Troubleshooting repository disks

If any node in the cluster encounters errors with the repository disk or a failure while accessing the disk, the cluster enters a limited or restricted mode of operation. In this mode of operation most topology-related operations are not allowed, and any node that is restarted cannot rejoin the cluster.

When the repository disk fails, you are notified of the disk failure. PowerHA® SystemMirror® continues to notify you of the repository disk failure until it is resolved.

To determine what the problem is with the repository disk, you can view the following log files:

  • hacmp.out
  • AIX error log (using the errpt command)

Example: hacmp.out log

The following is an example of an error message in the hacmp.out log file when a repository disk fails:

ERROR: rep_disk_notify : Tue Jan 10 13:38:22 CST 2012 : Node "r6r4m32"(0x54628FEA1D0611E183EE001A64B90DF0) on Cluster r6r4m31_32_33_34 has lost access to repository disk hdisk75.

Example: AIX error log

When a node loses access to the repository disk, an entry is made in the AIX error log of each node that has a problem.

The following is an example of an error message in the error log file when a repository disk fails.
Note: To view the AIX error log, you must use the errpt command.
LABEL:          OPMSG
IDENTIFIER:     AA8AB241

Date/Time:       Tue Jan 10 13:38:22 CST 2012
Sequence Number: 21581
Machine Id:      00CDB2C14C00
Node Id:         r6r4m32
Class:           O
Type:            TEMP
WPAR:            Global
Resource Name:   clevmgrd

Description
OPERATOR NOTIFICATION

User Causes
ERRLOGGER COMMAND

        Recommended Actions
        REVIEW DETAILED DATA

Detail Data
MESSAGE FROM ERRLOGGER COMMAND
Error: Node 0x54628FEA1D0611E183EE001A64B90DF0 has lost access to repository disk hdisk75.

Replacing a failed or lost repository disk

If a repository disk fails, the repository disk must be recovered on a different disk to restore all cluster operations. The circumstances for your cluster environment and the type of the repository disk failure determine the possible methods for recovering the repository disk.

Automatic Repository Disk Replacement (ARR)

PowerHA SystemMirror Version 7.2.0, or later, uses the ARR capability of CAA (in AIX® Version 7.2, or later, or in AIX Version 7.1 with Technology Level 4, or later), to handle repository disk failures. ARR automatically replaces a failed repository disk with a backup repository disk. The ARR function is available only if you configure a backup repository disk by using PowerHA SystemMirror. For more information about ARR, see the Repository disk failure topic.

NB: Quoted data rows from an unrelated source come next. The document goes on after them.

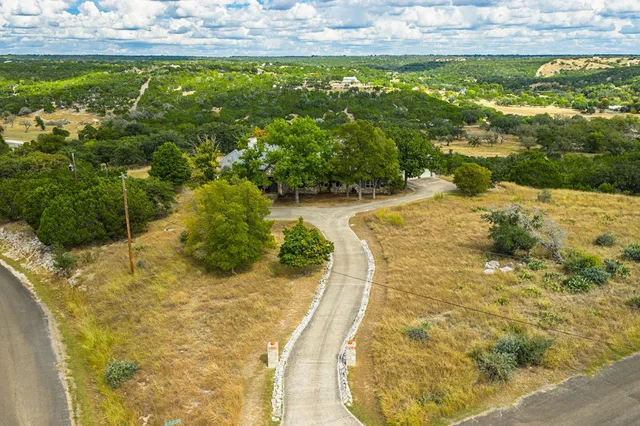 a view of a swimming pool with a yard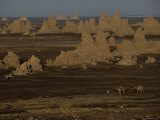Buy Nomads Pass by Travertine Towers on the Bed of a Shrinking Lake at AllPosters.com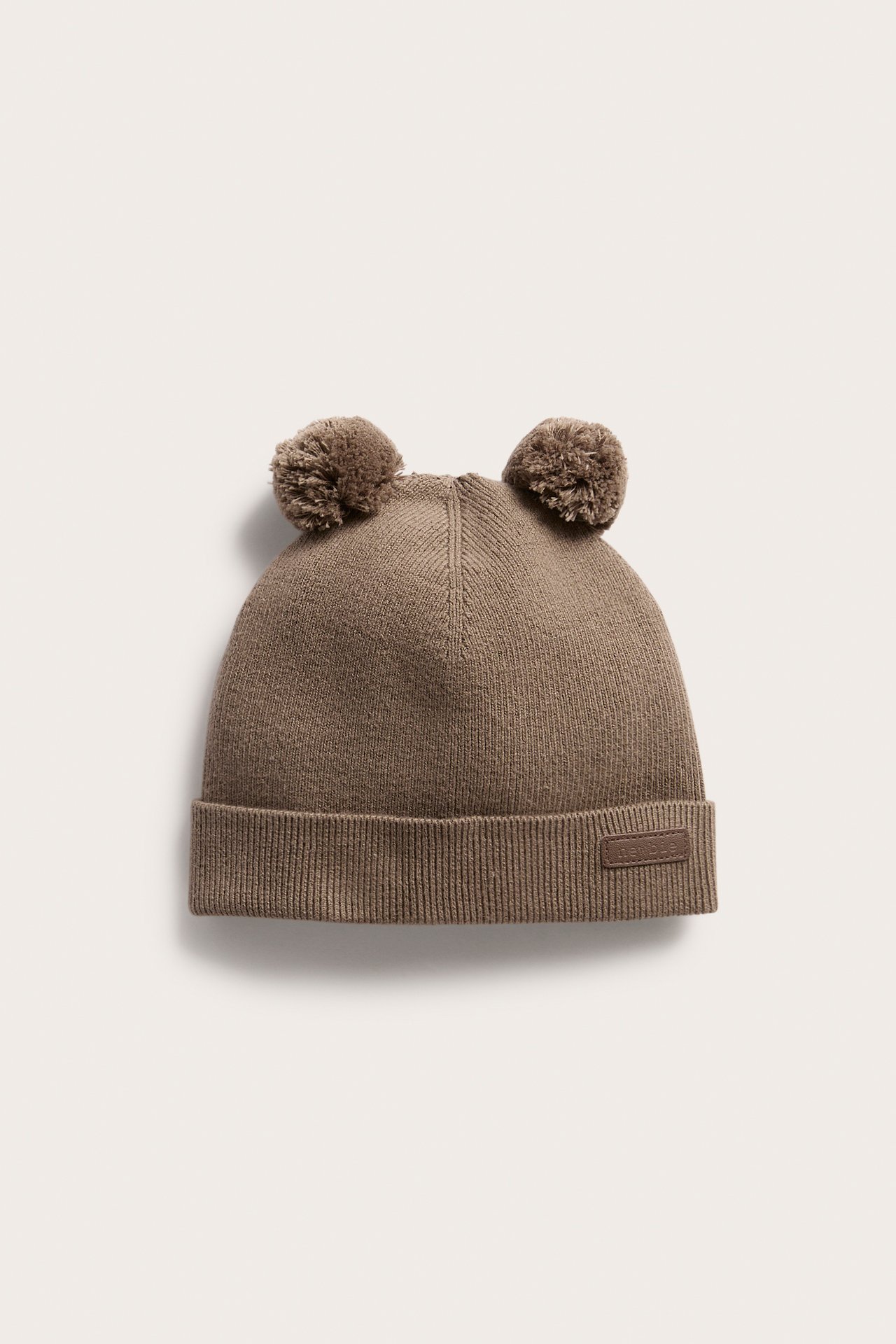 Front view of a brown knitted baby beanie with two pom-poms and a ribbed cuff.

You must clean up the failed repository disk because the ARR will not clean the disk as it is not accessible. To clean up the failed repository disk, use the following command:
CAA_FORCE_ENABLED=true rmcluster -r <disk name>
The following are two possible scenarios where a repository disk fails and the possible methods for restoring the repository disk on a new storage disk.
Repository disk fails but the cluster is still operational
In this scenario, the repository disk access is lost on one or more nodes in the cluster. When this failure occurs, Cluster Aware AIX (CAA) continues to operate in restricted mode by using repository disk information which it has cached in memory. If CAA remains active on a single node in the cluster, the information from the previous repository disk information can be used to rebuild the a new repository disk.
To rebuild the repository disk after a failure, complete the following steps from any node where CAA is still active:
  1. Verify that CAA is active on the node by using the lscluster -c command and then the lscluster -m command.
  2. Replace the repository disk by completing the steps in the Replacing a repository disk with SMIT topic. PowerHA SystemMirror recognizes the problem and interacts with CAA to rebuild the repository disk on the new storage disk.
    Note: This step updates the repository information that is stored in the PowerHA SystemMirror configuration data.

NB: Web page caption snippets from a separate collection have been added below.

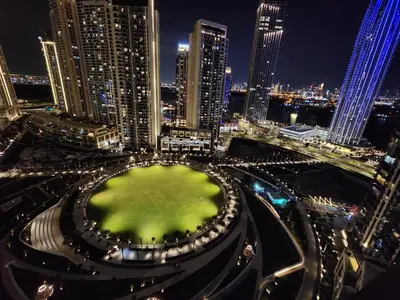 an aerial view of a city at night at Enchanting 2BDR In Creek Harbour 19 in Dubai
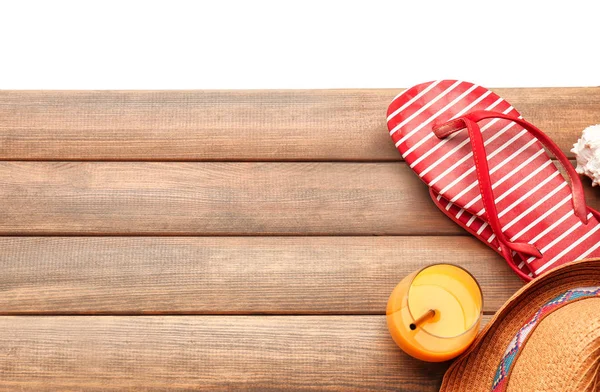 Glass of orange juice and flip-flops — Stock Photo, Image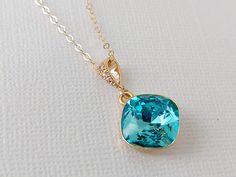 Light Turquoise Blue Turquoise Light Teal Colored Crystal Gold Cushion Cut Crystal Pendant Necklace with 14k Gold Filled Chain. PLEASE READ ITEM DESCRIPTION and SHOP POLICIES before placing your order, and contact me with any questions! CHAIN is 18 inches (45.7 cm) long, PENDANT is about 1 inch (2.5cm) long including bail. MATCHING EARRINGS: https://www.etsy.com/listing/511306168/light-turquoise-gold-earrings-teal?show_sold_out_detail=1&ref=nla_listing_details NECKLACES SECTION: https://www.etsy Blue May Birthstone Jewelry For Formal Occasions, Elegant Blue Emerald Necklaces, Elegant Turquoise Necklace With Birthstone, Formal Turquoise Aquamarine Jewelry, Blue Emerald Jewelry For May Birthstone, Elegant Turquoise Birthstone Necklace, Blue Emerald Jewelry For Formal Occasions, Elegant Blue Emerald Jewelry, Formal Blue Emerald Jewelry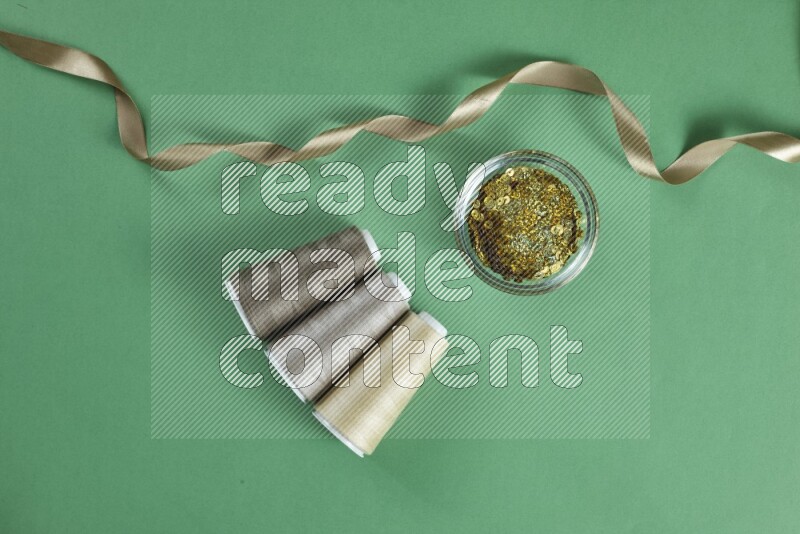 مجموعة من أدوات الخياطة والتفصيل بنية اللون على خلفية خضراء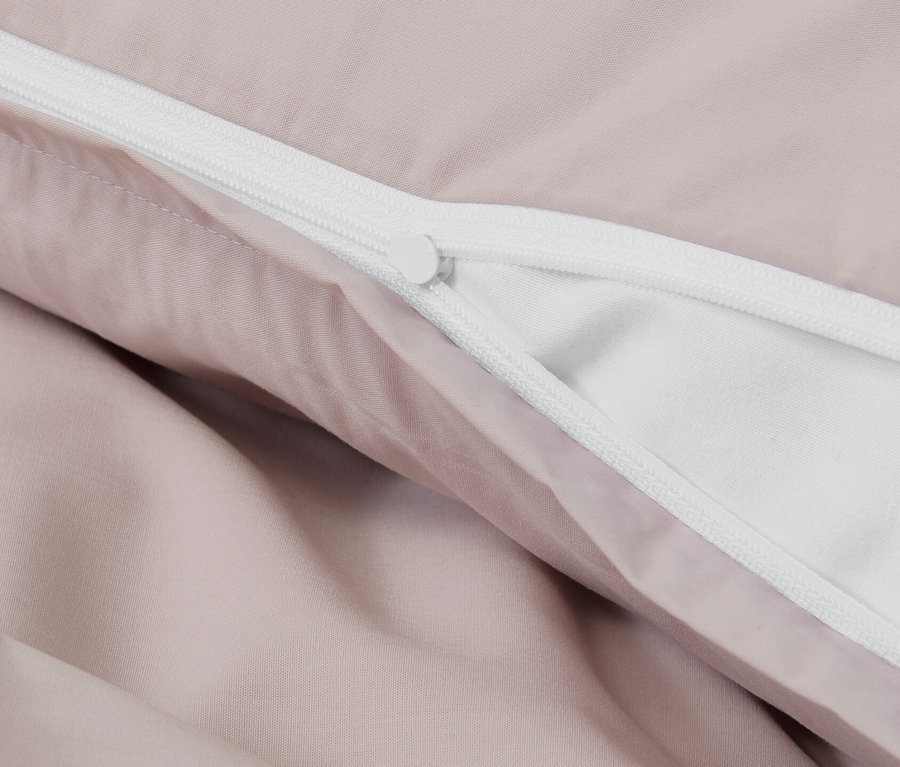 Détail de la parure de lit en percale rose avec fermeture éclair.
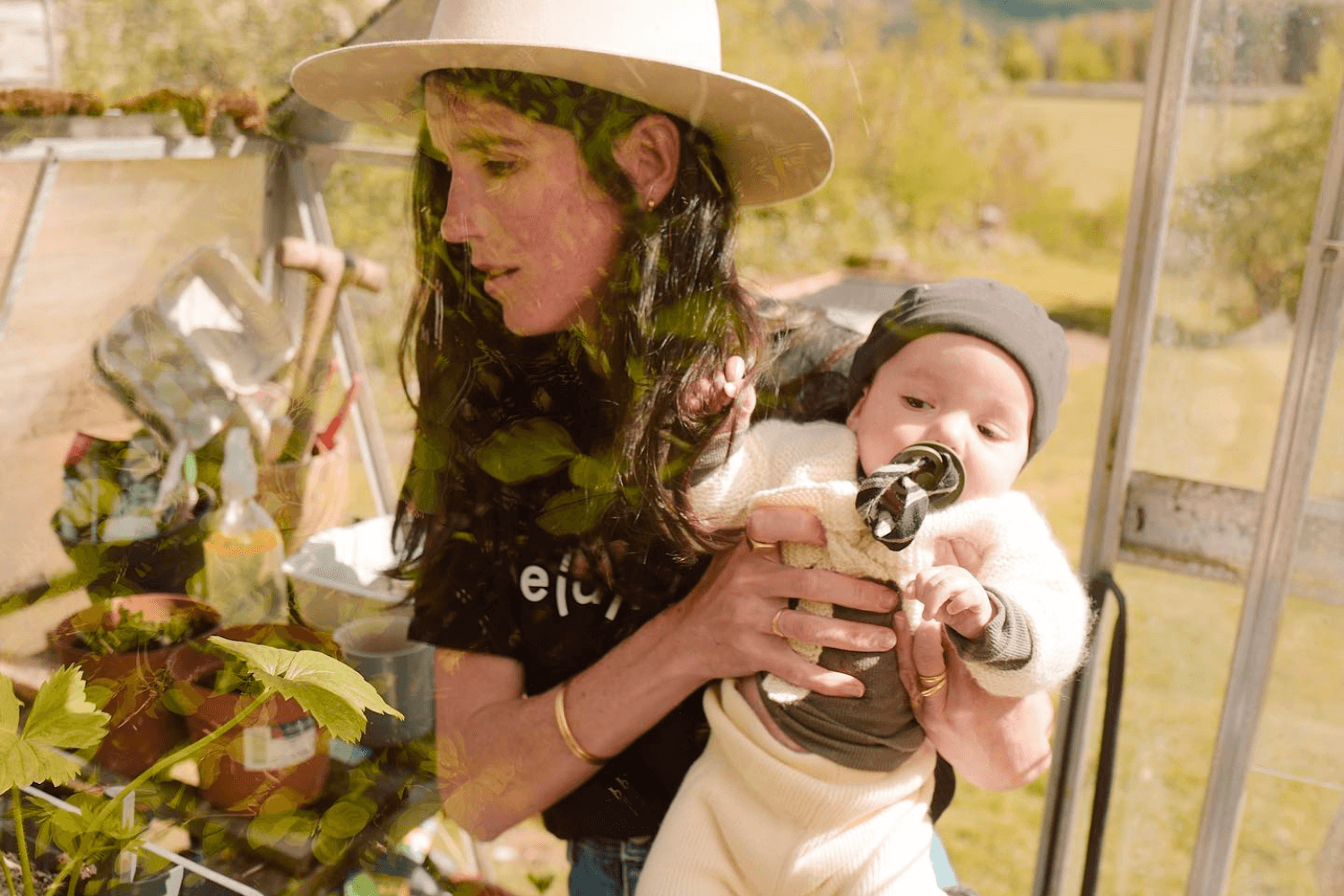une maman dans une serre entourée de plantes, portant dans ses bras son nouveau-né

    You do not need to perform Step 1 and Step 2, if the ARR function is available.

  3. Synchronize thePowerHA SystemMirror cluster configuration information by selecting Cluster Nodes and Networks > Verify and Synchronize Cluster Configuration from the SMIT interface.
Repository disk fails and the nodes in the cluster rebooted
In this rare scenario, a series of critical failures occur that result in a worst case scenario where access to the repository disk is lost and all nodes in the cluster were rebooted. Thus, none of the nodes in the cluster remained online during the failure and you cannot rebuild the repository disk from the AIX operating systems memory. When the nodes are brought back online, they cannot start CAA because a repository disk is not present in the cluster. To fix this problem, it is ideal to bring back the repository disk and allow the cluster self heal. If that is not possible, you must rebuild the repository disk on a new storage disk and use it to start the CAA cluster.
To rebuild the repository disk and start cluster services, complete the following steps:
  1. On a node in the cluster rebuild the repository by completing the steps in the Replacing a repository disk with SMIT topic. PowerHA SystemMirror recognizes the problem and interacts with CAA to rebuild the repository disk on the new storage disk.
    Note: This step updates the repository information that is stored in the PowerHA SystemMirror configuration data and rebuilds the repository disk from the CAA cluster cache file.

    If the ARR function is available, you do not need to perform Step 1, and the disk is replaced automatically.

    After the repository disk is replaced, run the verify and synchronization operations. If some of the nodes are down, the verify and synchronization operations might fail with errors. To run the verify and synchronization operations successfully, enter the following command:
    #/usr/es/sbin/cluster/utilities/cldare -f -dr
    
    You can ignore the cl_rsh errors if any.
  2. Start cluster services on the node that hosts the repository disk by completing the steps in the Starting cluster services topic.
  3. All other nodes in the cluster continue to attempt to access the original repository disk. You must configure these nodes to use the new repository disk and start CAA cluster services. Verify that the CAA cluster is not active on any of these nodes by using the lscluster -m command. If the CAA cluster is inactive or the local node is in the DOWN state, enter the following commands to remove the old repository disk information:
    export CAA_FORCE_ENABLED=true
    clusterconf -fu
  4. To have other nodes join the CAA cluster, use the following command on the active node with the newly created repository disk:
    clusterconf -p

    For AIX Version 7.1 with Technology Level 4, or later, you do not need to perform Step 3 and Step 4. After you complete Step 2, all nodes that were rebooted must wait for about 10 minutes to use the new repository disk.

  5. Verify that CAA is active by first using the lscluster -c command and then the lscluster -m command.
  6. Synchronize thePowerHA SystemMirror cluster configuration information about the newly created repository disk to all other nodes by selecting Cluster Nodes and Networks > Verify and Synchronize Cluster Configuration from the SMIT interface.
  7. Start PowerHA SystemMirror cluster services on all nodes (besides the first node where the repository disk was created) by selecting System Management (C-SPOC) > PowerHA SystemMirror Services > Start Cluster Services from the SMIT interface.

Snapshot migration and repository disk

The snapshot migration process for an online cluster requires that the cluster information in the snapshot matches the online cluster information. This requirement also applies to repository disks. If you change a repository disk configuration, you must update the snapshot to reflect these changes and then complete the snapshot migration process.